*What is needed*. Reproduce, exactly and in full, the lines from the one with "Suzuki Grand Vitara 2.0 A/T Макеевка" through the one with "Used 2024 Ford Expedition XLT image 9" in the data below; drop pictures.

*Entries provided*.
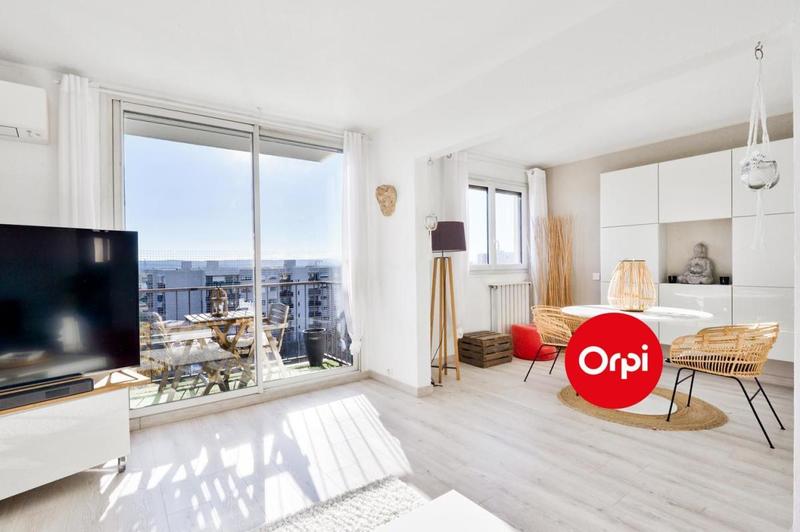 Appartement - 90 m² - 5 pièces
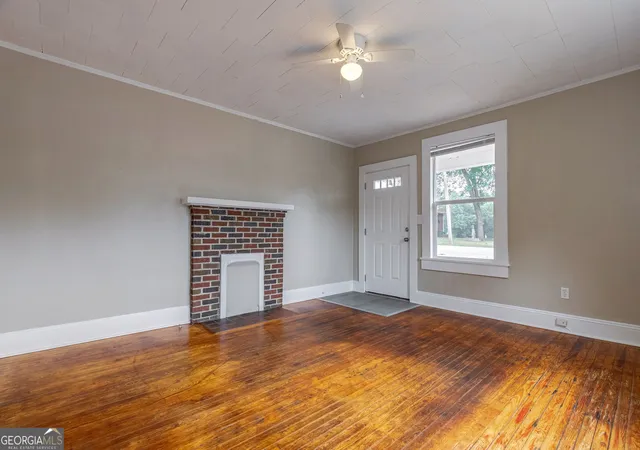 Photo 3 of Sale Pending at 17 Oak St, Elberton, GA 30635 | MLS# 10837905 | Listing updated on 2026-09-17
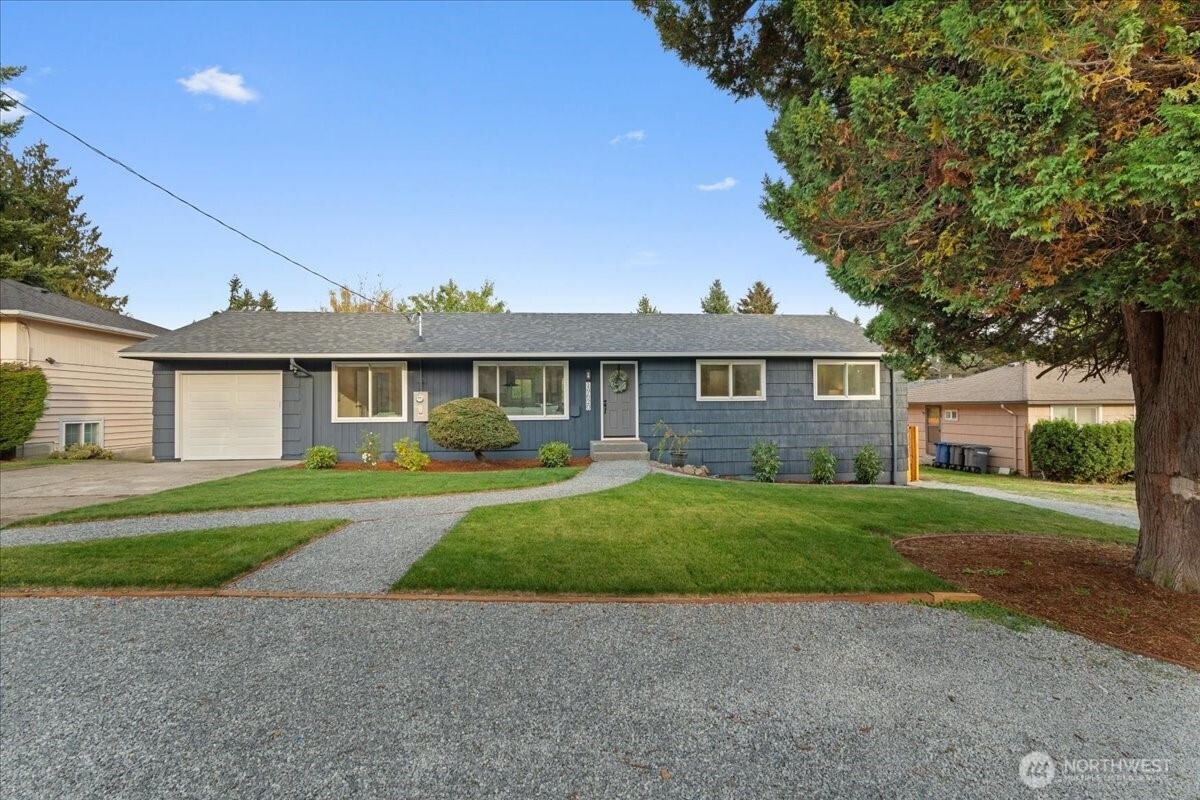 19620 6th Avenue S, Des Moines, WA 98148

* * *

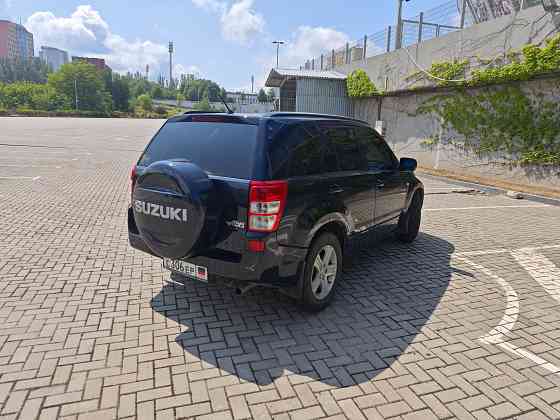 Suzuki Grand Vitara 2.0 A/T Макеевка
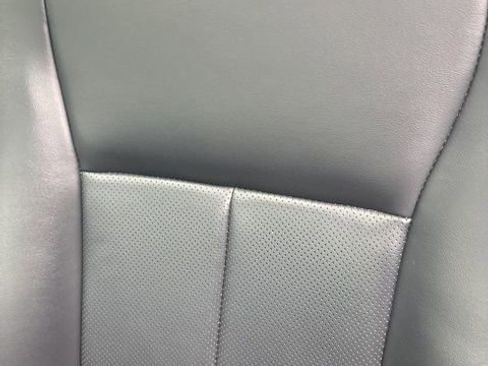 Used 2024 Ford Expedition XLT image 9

*Task answer*.
 Suzuki Grand Vitara 2.0 A/T Макеевка
 Used 2024 Ford Expedition XLT image 9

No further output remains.